The community of about 12,500 has been beset by violent gang activity in recent years, highlighted by the 2011 shooting death of a five-year-old sleeping in bed by youth gang members. RCMP recently reported that the number of gangs operating in the community had fallen from 13 to five, with 150 to 180 active members, down from 300.
The program at Maskwacis will get underway in the coming months and is being run by the Samson Cree Nation. Called the Maskwacis Conflict Resolution Program: Maskwacis Youth Initiative, it is intended primarily for approximately 600 aboriginal youth aged 14 to 25 who are either involved in gangs or at risk of getting involved in the violent lifestyle.
Saying “the answers lie from within,” Buffalo wants to see people on-reserve facilitating the program and getting young people to talk.

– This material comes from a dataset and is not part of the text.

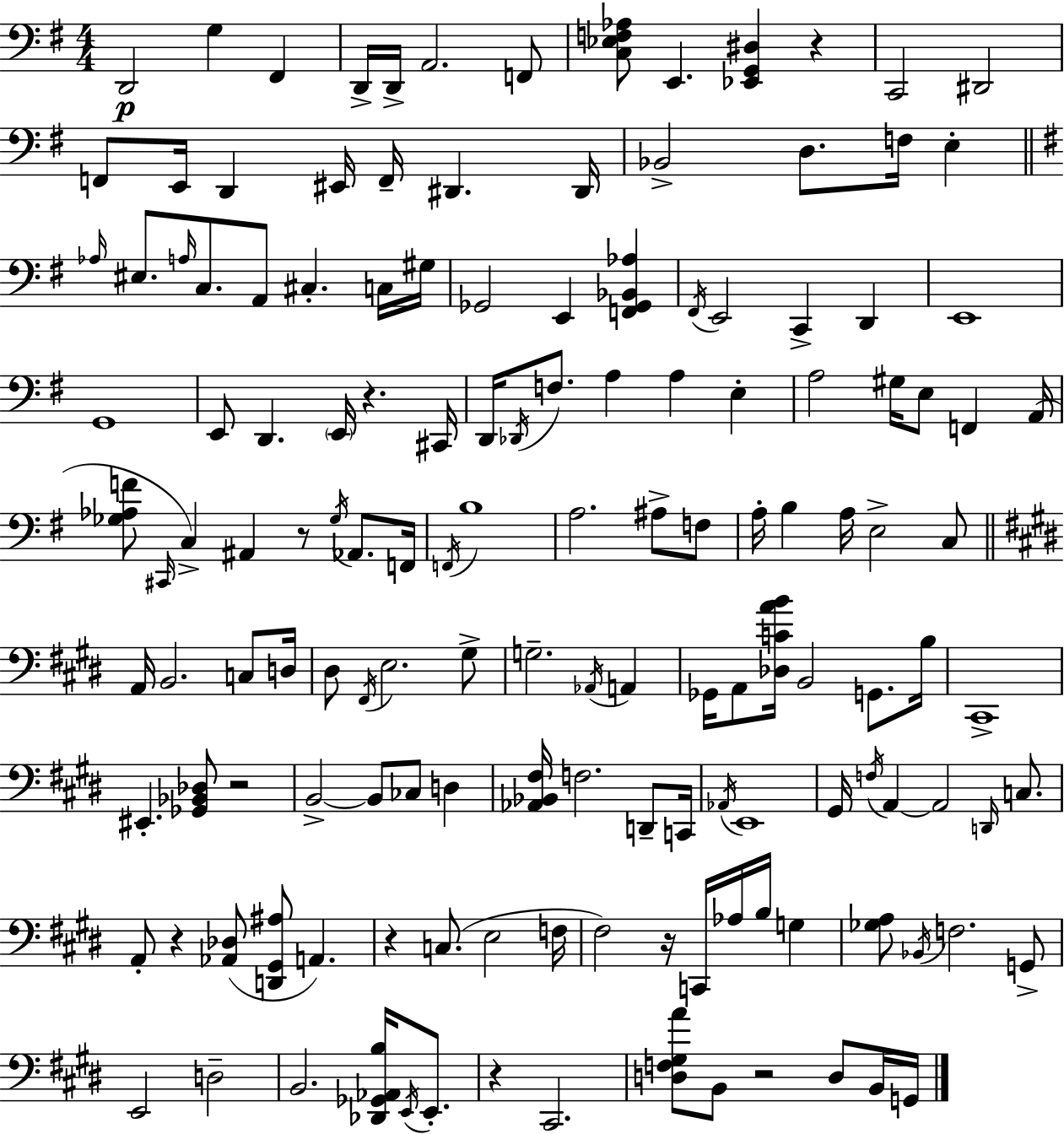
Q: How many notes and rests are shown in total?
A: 145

He said he hopes collaborative efforts like talking and justice circles will be part of the program, along with traditional ceremonies.
“To me that’s where all the healing begins. That’s where all the connections begin, once you direct the youth to their cultural side, to who they are. The beauty of the ceremonies help develop an individual,” said Buffalo.
Calkins said the community has taken steps in the past few years to reduce the presence of gangs, from removing graffiti and gang signs to knocking down derelict buildings and implementing a bylaw to evict troublesome residents from the community. This funding, he said, can help further pressure gangs through giving at-risk youth alternatives.
“Some of the program facilitators will be former gang members and they’ll be facilitating trust with these at-risk youth and facilitating them away from the gangs … whether they need to further their education and go back to school, whether they need counselling, whether they need some skills training, whatever they might need to get them pointed in the right direction,” he said.
In 2012, the province provided funding for two programs in the community through its Gang Reduction Network. One program helps people recover from grief, trauma and abuse; the other is an intervention program to help children resist gang recruitment.
More than half of the population in Maskwacis is under the age of 18.